Vor Teneriffa sind sieben Touristen gemeldet worden. Sie haben in einem Schutzgebiet den Abstand zu Walen missachtet. Wir zeigen das Video.

Von Johannes Bornewasser – letzte Änderung: – Lesedauer: 2 Minuten – 0 Leserkommentare bei Teneriffa News

Die Anzeige ist raus! Vor Teneriffa haben sieben Touristen ein Schutzgebiet für Wale missachtet und sind trotz Verbots mit den Meeressäugern geschwommen. Die Strafe für derartiges Fehlverhalten liegt bei bis zu 60.000 Euro.

Die Guardia Civil hat bereits Ermittlungen aufgenommen. Diese werden über die Finanz- und Grenzschutzbehörde geleitet, da sich das ZEC-Schutzgebiet in den Gewässern vor der größten Kanaren-Insel befindet.

Ein Missachten der Schutzzone für Grindwale gilt als schwerwiegender Verstoß gegen die Umwelt-Auflagen der Kanaren. Die Geldstrafen sind je nach Schwere gestaffelt und erreichen in Extremfällen empfindliche Höhen.

Teneriffa-Touristen missachten Wal-Schutzzone

Der Vorfall ereignete sich bereits vor rund zwei Wochen. Doch erst jetzt kamen Videos davon ans Licht. Ein Clip tauchte in einer Whatsapp-Gruppe auf und erreichte so über Umwege und mit Verzögerung die Polizei auf Teneriffa.

In dem Clip zu sehen sind sieben Personen, die in unmittelbarer Nähe zu den Walen schwimmen. Als die Meeressäuger an den inzwischen als Touristen identifizierten Personen vorbei schwimmen, tauchen einige von ihnen unter, um die Tiere unter Wasser zu beobachten:

Die Guardia Civil ermittelte in der Zwischenzeit, dass die Gruppe ein Boot gemietet hatte und damit aufs Meer hinausgefahren war. Auf dem Trip entdeckten die Urlauber die Wale und sprangen zu ihnen ins Wasser.
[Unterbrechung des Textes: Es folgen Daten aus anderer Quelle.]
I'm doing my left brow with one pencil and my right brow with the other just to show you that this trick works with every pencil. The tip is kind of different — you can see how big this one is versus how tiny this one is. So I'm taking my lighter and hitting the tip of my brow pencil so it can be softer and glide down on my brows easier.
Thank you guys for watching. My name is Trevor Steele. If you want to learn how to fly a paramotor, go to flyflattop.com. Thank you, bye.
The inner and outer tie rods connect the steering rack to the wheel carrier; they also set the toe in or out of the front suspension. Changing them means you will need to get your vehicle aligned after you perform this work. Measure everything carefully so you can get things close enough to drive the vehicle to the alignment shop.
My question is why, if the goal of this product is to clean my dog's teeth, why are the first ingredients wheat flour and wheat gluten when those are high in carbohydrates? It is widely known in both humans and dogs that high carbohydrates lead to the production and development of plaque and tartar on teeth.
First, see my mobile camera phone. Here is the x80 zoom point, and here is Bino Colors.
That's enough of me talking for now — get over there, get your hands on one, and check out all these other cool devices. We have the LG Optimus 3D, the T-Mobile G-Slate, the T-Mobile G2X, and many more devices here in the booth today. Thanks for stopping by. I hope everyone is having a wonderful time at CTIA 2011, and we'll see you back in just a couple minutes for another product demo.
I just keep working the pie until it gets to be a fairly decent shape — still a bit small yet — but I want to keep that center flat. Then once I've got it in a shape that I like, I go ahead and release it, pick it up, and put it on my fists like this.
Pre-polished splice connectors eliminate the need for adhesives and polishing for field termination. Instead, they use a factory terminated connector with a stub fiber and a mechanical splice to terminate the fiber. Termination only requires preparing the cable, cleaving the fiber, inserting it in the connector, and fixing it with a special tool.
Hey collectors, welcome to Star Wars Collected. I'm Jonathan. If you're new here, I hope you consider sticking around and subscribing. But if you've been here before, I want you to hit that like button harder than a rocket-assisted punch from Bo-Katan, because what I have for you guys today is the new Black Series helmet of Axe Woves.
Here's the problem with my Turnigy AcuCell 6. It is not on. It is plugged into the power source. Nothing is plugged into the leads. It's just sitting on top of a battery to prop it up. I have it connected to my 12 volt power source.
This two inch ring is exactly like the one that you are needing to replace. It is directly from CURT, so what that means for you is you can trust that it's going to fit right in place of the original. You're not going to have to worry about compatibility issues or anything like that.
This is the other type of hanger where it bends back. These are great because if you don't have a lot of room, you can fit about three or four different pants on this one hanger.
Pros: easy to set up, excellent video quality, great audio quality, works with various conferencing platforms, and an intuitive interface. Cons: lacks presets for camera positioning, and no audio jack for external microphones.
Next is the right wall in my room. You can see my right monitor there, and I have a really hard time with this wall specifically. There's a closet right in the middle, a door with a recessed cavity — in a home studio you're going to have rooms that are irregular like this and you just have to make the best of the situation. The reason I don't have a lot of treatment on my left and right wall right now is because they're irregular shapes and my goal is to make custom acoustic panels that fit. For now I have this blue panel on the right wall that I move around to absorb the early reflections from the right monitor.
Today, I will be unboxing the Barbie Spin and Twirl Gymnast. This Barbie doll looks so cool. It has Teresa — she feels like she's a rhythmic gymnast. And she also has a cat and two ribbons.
Damit wurde ein Verstoß gegen den Königlichen Erlass 1727/2007 begangen. Er untersagt das Schwimmen und Tauchen mit den Tieren innerhalb einer Schutzzone ohne Ausnahme.

Touristen tauchen mit Walen – und hoffen auf Gnade

Die Freunde gaben an, das Gesetz nicht gekannt zu haben. Die Ermittler zeigten sich davon unbeeindruckt. Nach dem Prinzip „Unwissenheit schützt vor Strafe nicht“, wurde die Anzeige dennoch geschrieben.

Die Kanaren gelten als Europas Zone mit der größten Wal-Population. Der Schutz der Tiere werde streng bewacht und ernst genommen, hieß es. Wie hoch die Strafe ausfällt, wird nun aller Voraussicht nach ein Richter entscheiden müssen.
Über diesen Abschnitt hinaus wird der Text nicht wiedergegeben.